The relationship between a snowboard base and snow is about interaction between the base and water, according to Salomon engineer Henri Rancon. “When a snowboard glides on the snow, some energy is lost through friction, and the kinetic energy becomes heat,” Rancon says. “This heat melts the snow into a really thin layer of water, and the base glides on this water layer.”
That’s how they glide, but which base is best to ride?
An Extruded Base Is A Carefree Base
If you want the ability to repair your own deck after casing it down concrete steps or schralping a shark-studded snowfield, then you likely want a board with an extruded base. They are cheaper to make, require less maintenance, and are easier to repair. Made by melting down polyethylene (a dense, abrasion resistant thermoplastic with low friction properties) pellets and then applying pressure, extruded bases are slower, hold less wax, and are less abrasion resistant than sintered bases. But that doesn’t mean they don’t have their place.
According to Palmer Snowboards engineer Martin Mitterer, “It makes no sense to sell a sintered, high-speed base to a customer who only rides 3 times a year and doesn’t wax his board. He would have much more fun with an extruded ‘carefree’ base which runs ok without waxing it in almost every condition.”

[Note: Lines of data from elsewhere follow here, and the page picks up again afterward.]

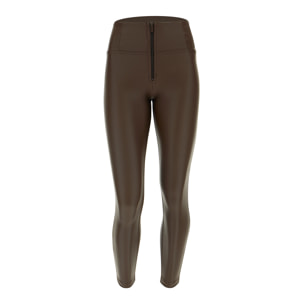 Pantaloni push up WR.UP® 7/8 superskinny vita alta similpelle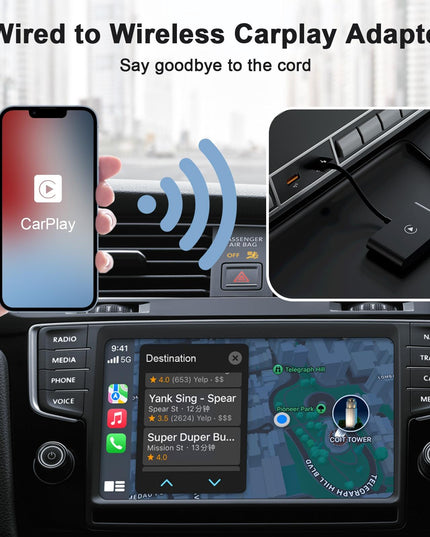 Wireless Carplay Adapter For Iphone - Usb & Usb-C-1915196969580630019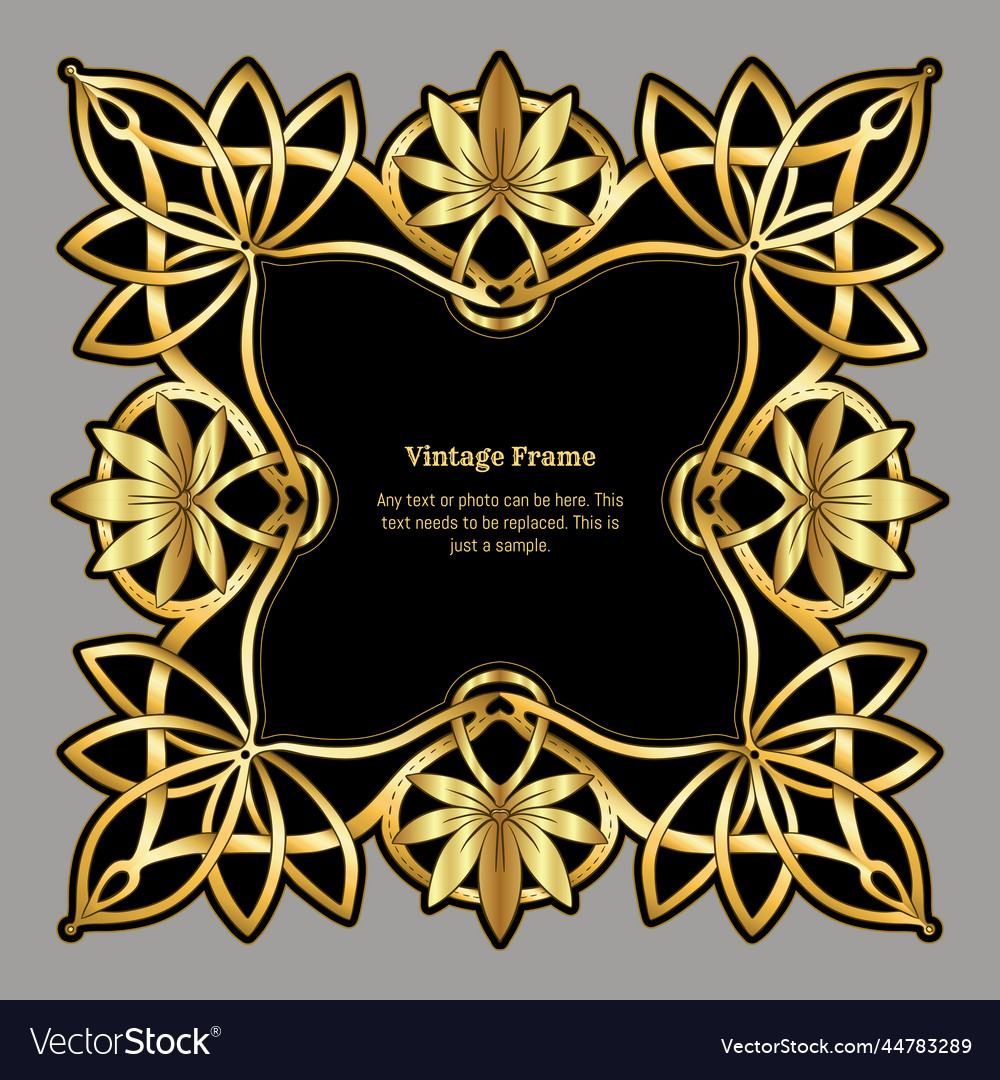 Decorative ornament border frame template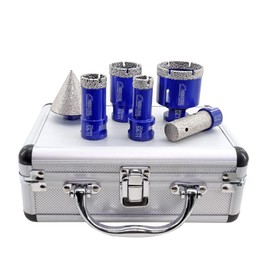 SHDIATOOL Tile Diamond Drill Bits Set,Porcelain Hole Saw, Cutter for Marble Ceramic Granite 6pieces(20/25/35/50/20MM/2 inch)
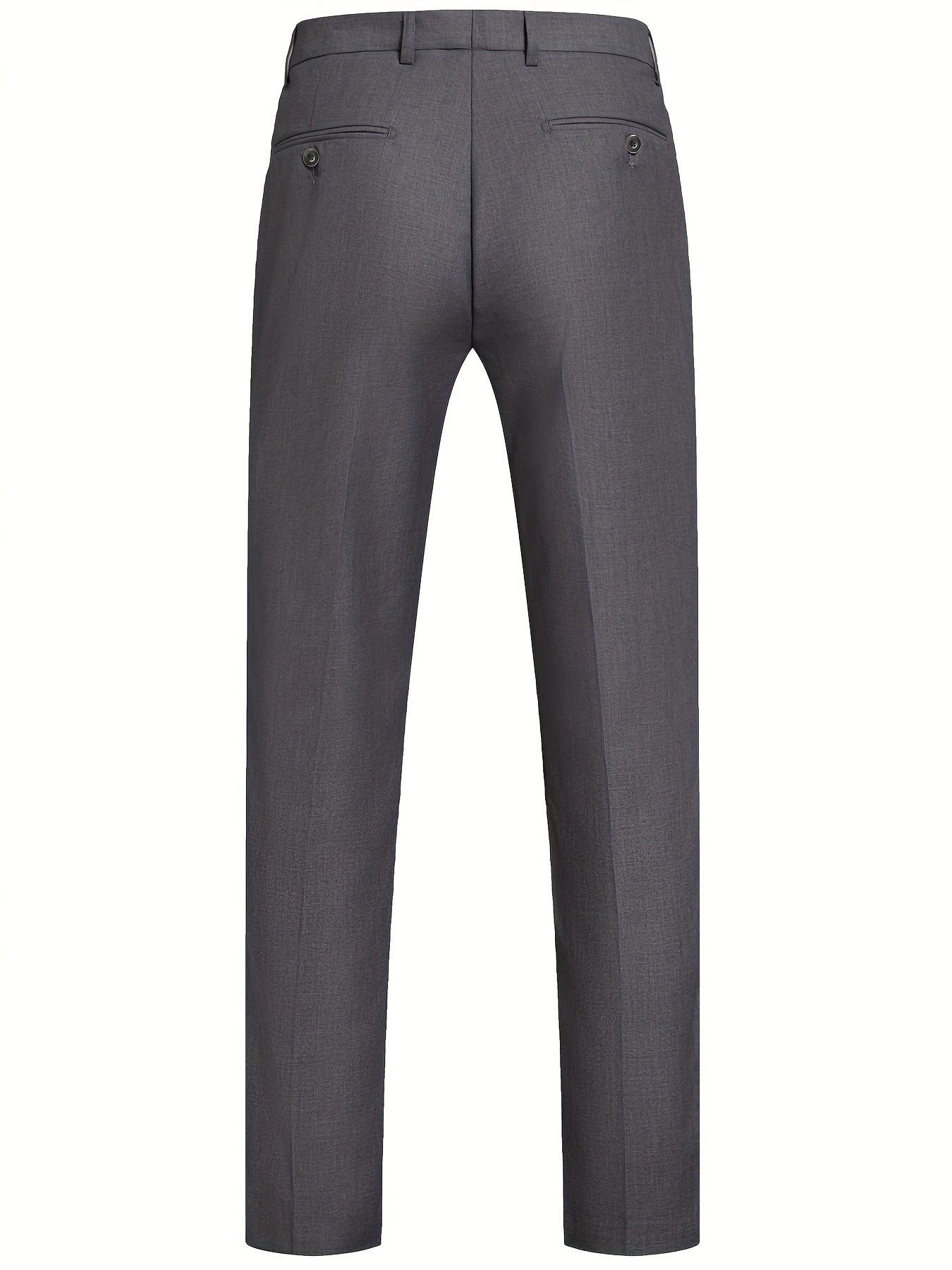 3pcs Men's Slim Fit Red Blazer Set - Elegant Business Casual Suit with Double-Breasted Jacket, Matching Pants & Vest, Elastic Waistcoat, Polyester - Perfect for Formal or Semi-Formal Occasions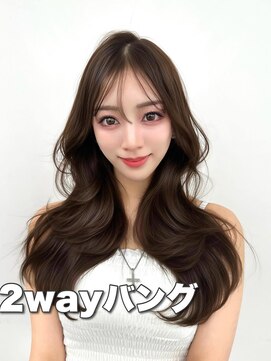 アマトウキョウ アユンチェ(AMA TOKYO×AYUNCHE) 前髪顔まわり韓国ヘアレイヤーカットサイドバンク2wayバンク韓国
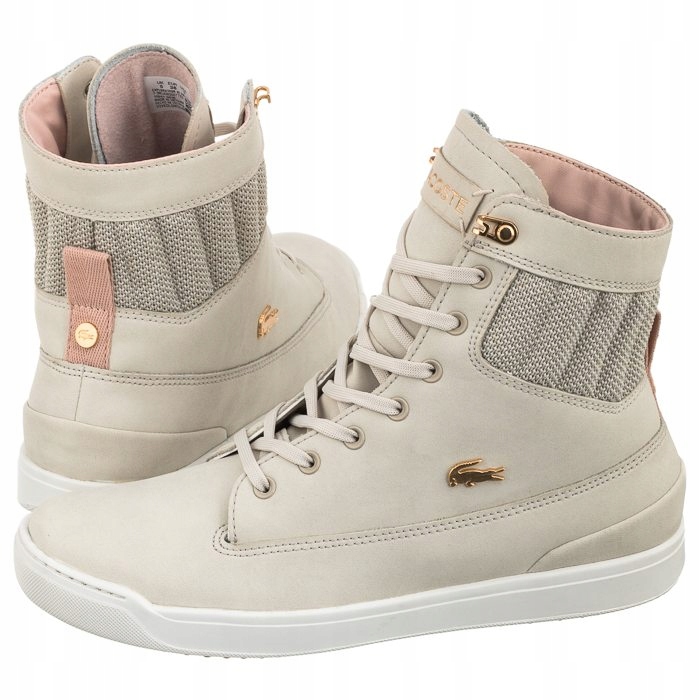 Buty Damskie Lacoste Explorateur Hi 318 CAW Beżow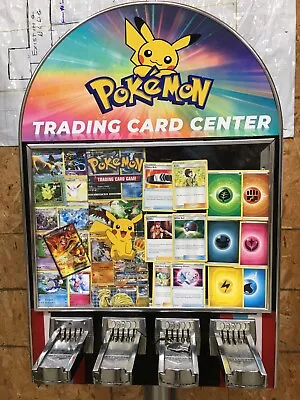 $1.25 Vends Themed Pokemon Card Vending Machine 4 Column Trading Card Center • $448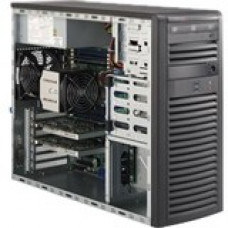 Supermicro SuperWorkstation 5038A-I Barebone System - 3U Mid-tower - Intel C612 Chipset - Socket R3 LGA-2011 - 1 x Processor Support - Black - 1 TB DDR4 SDRAM DDR4-2400/PC4-19200 Maximum RAM Support - Serial ATA/600 RAID Supported Controller - 6 x Total B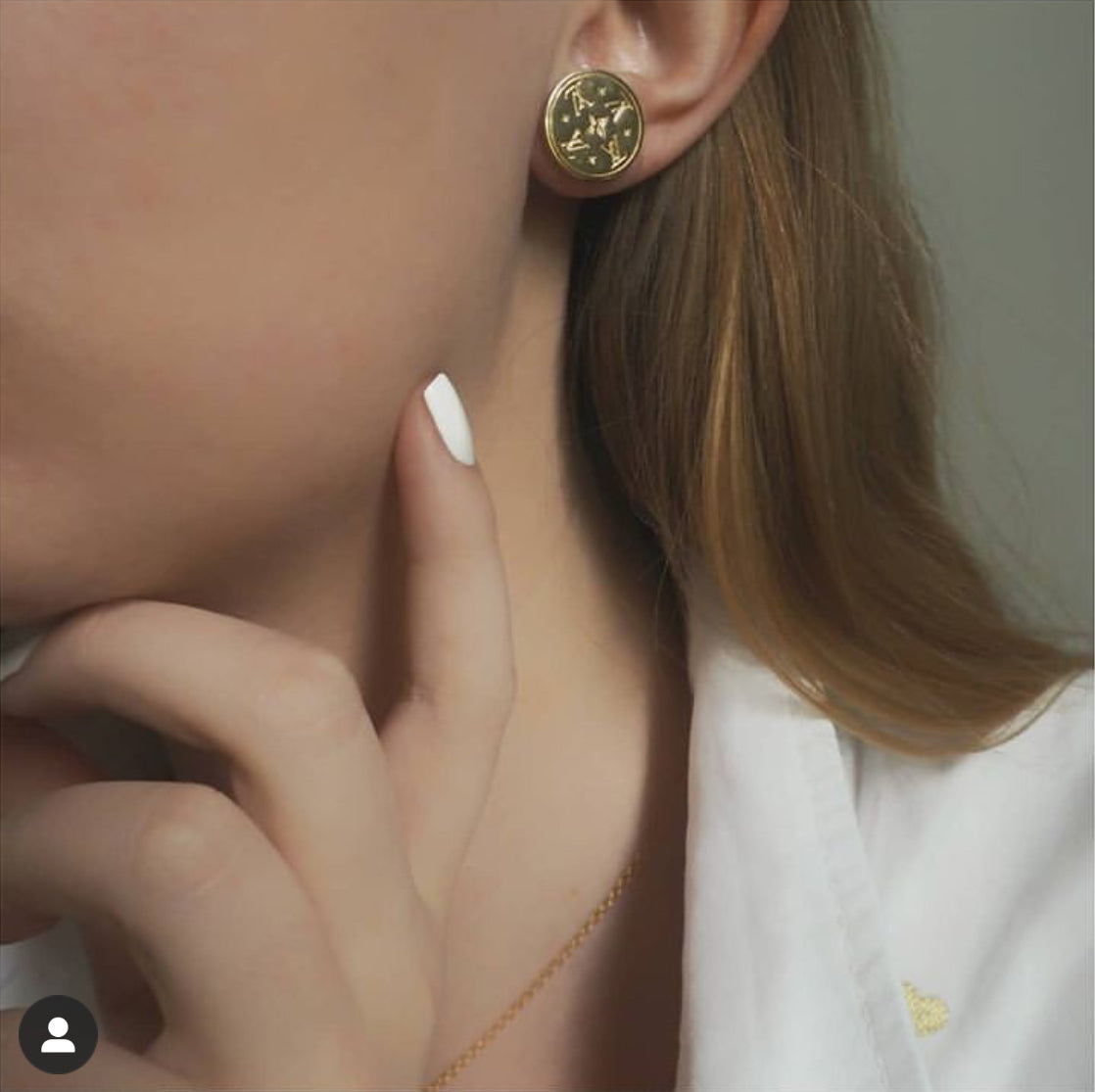 LOUIS VUITTON stud earrings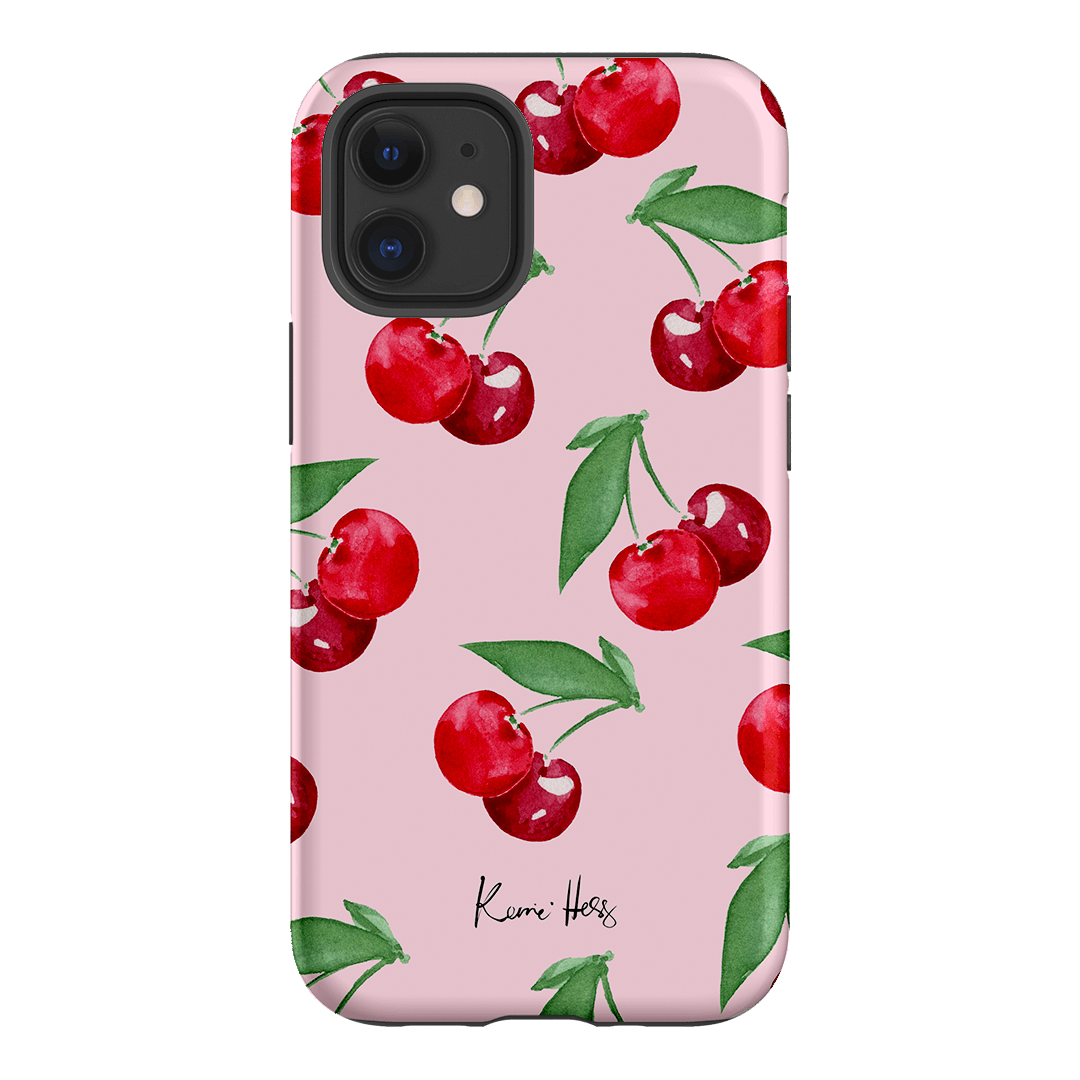 Cherry Rose Floral Pattern Phone Case for iPhone 15 Pro Max - Slim Protective Shockproof Cover with Non-Slip Grip (Pink Blossom Design) | Perfect for Daily Use, Travel & Gift Giving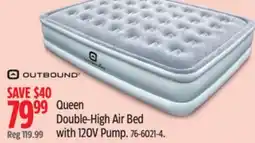 Canadian Tire Queen Double-High Air Bed with 120V Pump offer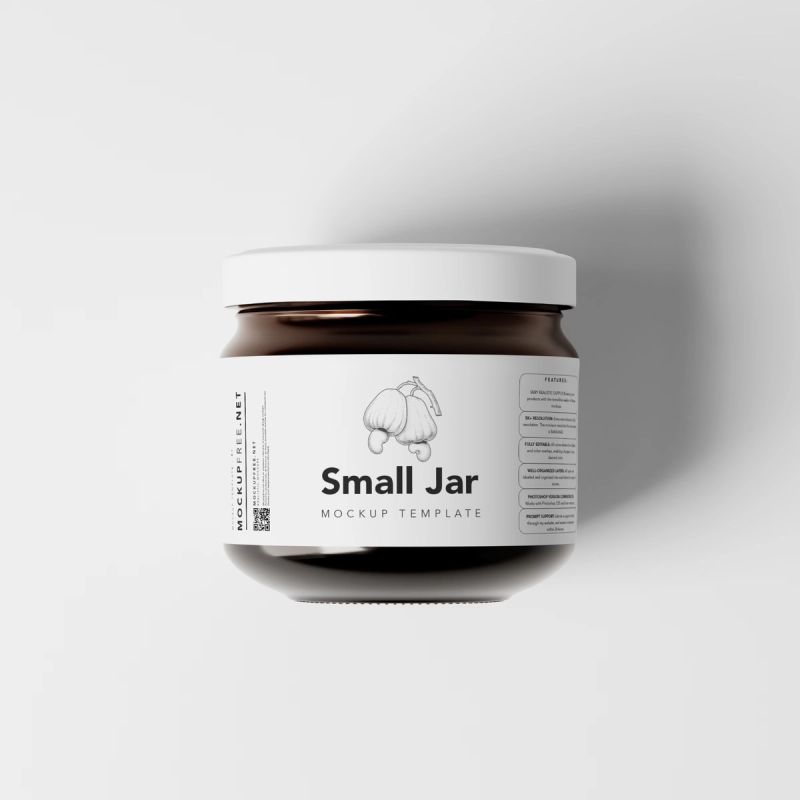 300ml Squat Jar Mockups 9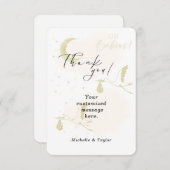 Danke Note Card Oh Babies! Neutral Twins Stork (Vorne/Hinten)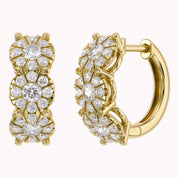 10MM Halo Lab Grown Diamond Hoop Earrings
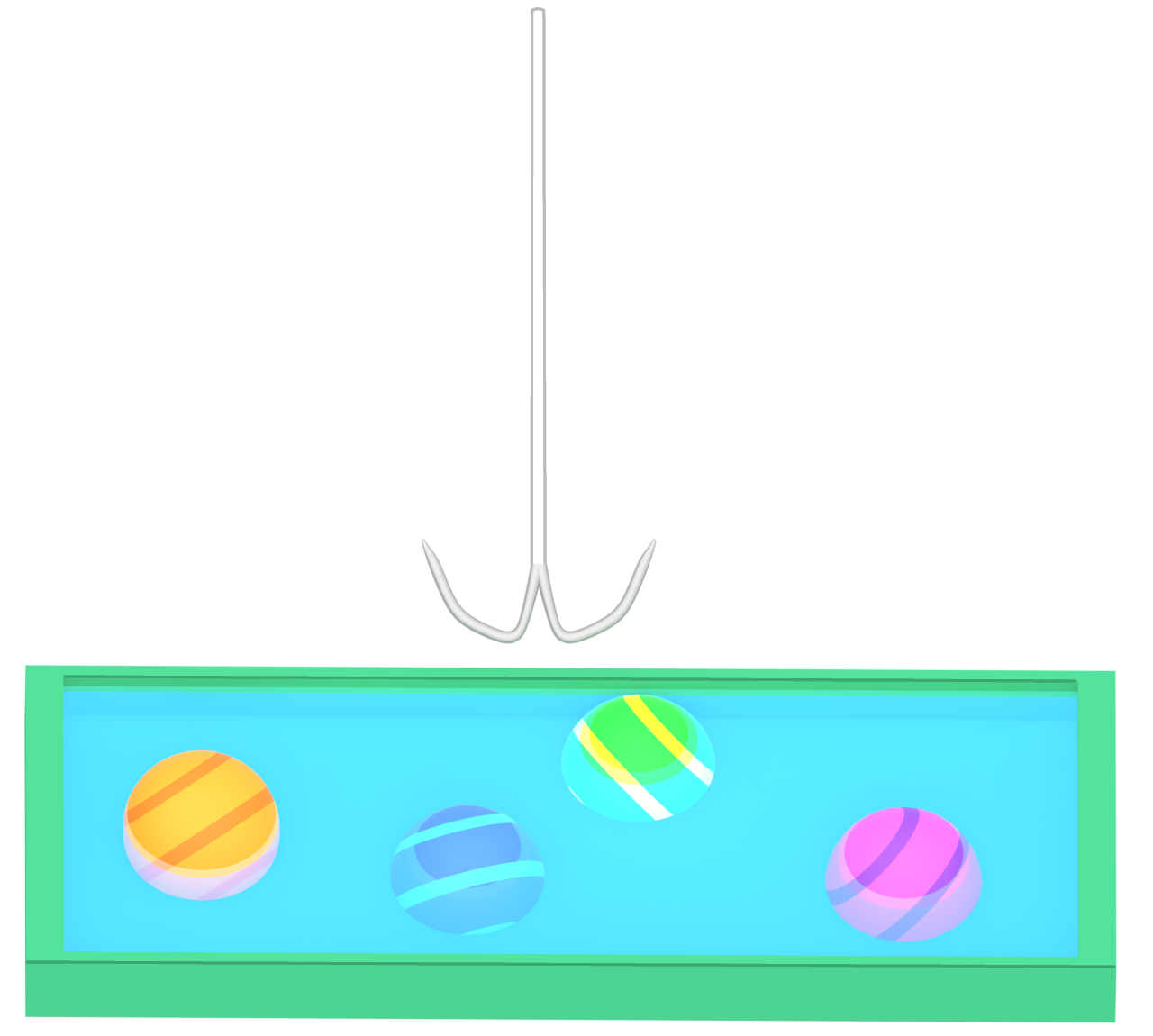 ヨーヨー釣りのイラスト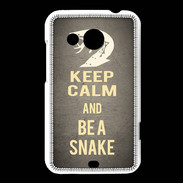 Coque HTC Desire 200 Keep Calm and Be a Snake Gris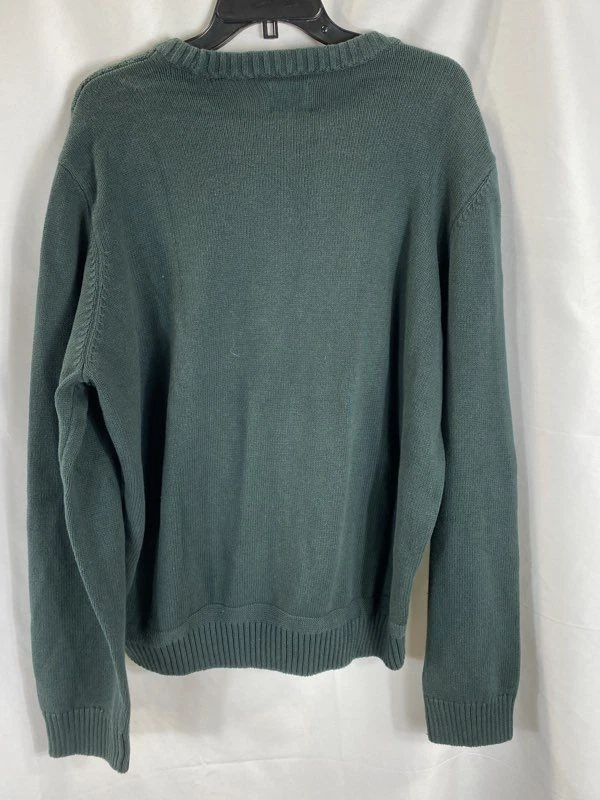 Suéter suéter tejido con cable verde XXL Ben Sherman para hombre Foto 2 de 4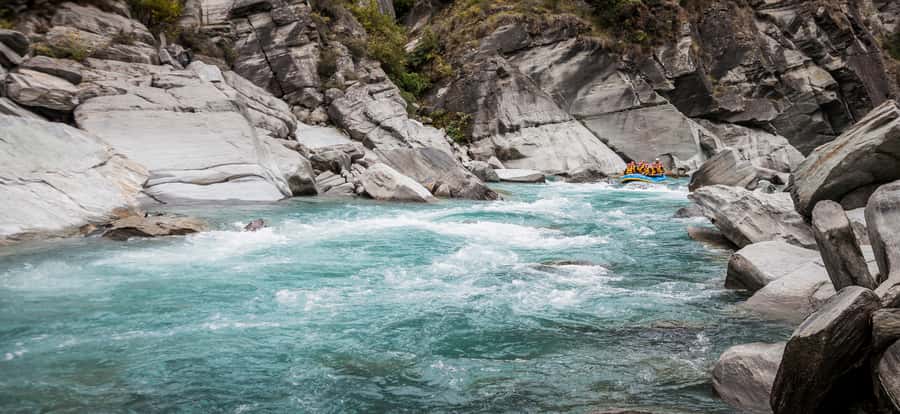 Queenstown: Shotover River Whitewater Rafting Trip - Getting suited up at Arthurs Point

A Sintered Base Is A Performance
If you’re a competitive or speed-obsessed rider who waxes all the time and lets the pros do the repair work, than a sintered base is the ticket. Sintered bases are higher maintenance and more expensive, but faster and more durable when cared for properly. Rather than melting polyethylene pellets together (extrusion), sintered bases are manufactured by crushing the pellets together under high pressure. This makes a sintered base more porous for maximum wax absorption, and more abrasion-resistant.
Base additives can also boost glide. For Palmer’s 7200 sintered base (7200 is the molecular weight of polyethylene), graphite is added to the mix during the sintering process, hardens the plastic, and decreases base friction. Similarly, Salomon adds the mineral zeolite during the sintering process for their high-end boards to increase thermic conductivity, so more heat is absorbed by the base, resulting in better glide.
“Your base will be fast, or not, due to three things: the material, the transformation, and your wax job,” says Rancon. Transformation refers to how the base is treated near the end of production. Many companies belt grind their boards to keep costs low. But Salomon stone grinds all their boards, which is why they’ve gotten a rep for fast bases, according to Alex Warburton, Salomon’s Product Line Manager. The resulting base structure (tiny diamonds) helps melt the snow and distribute it in small drops. The drops act like ball bearings, preventing suction and reducing friction.
The final layer is wax, and that is up to you. You can buy the fastest, most tricked out base around, but if you don’t wax it, you’ll still be dragging knuckles across the flats.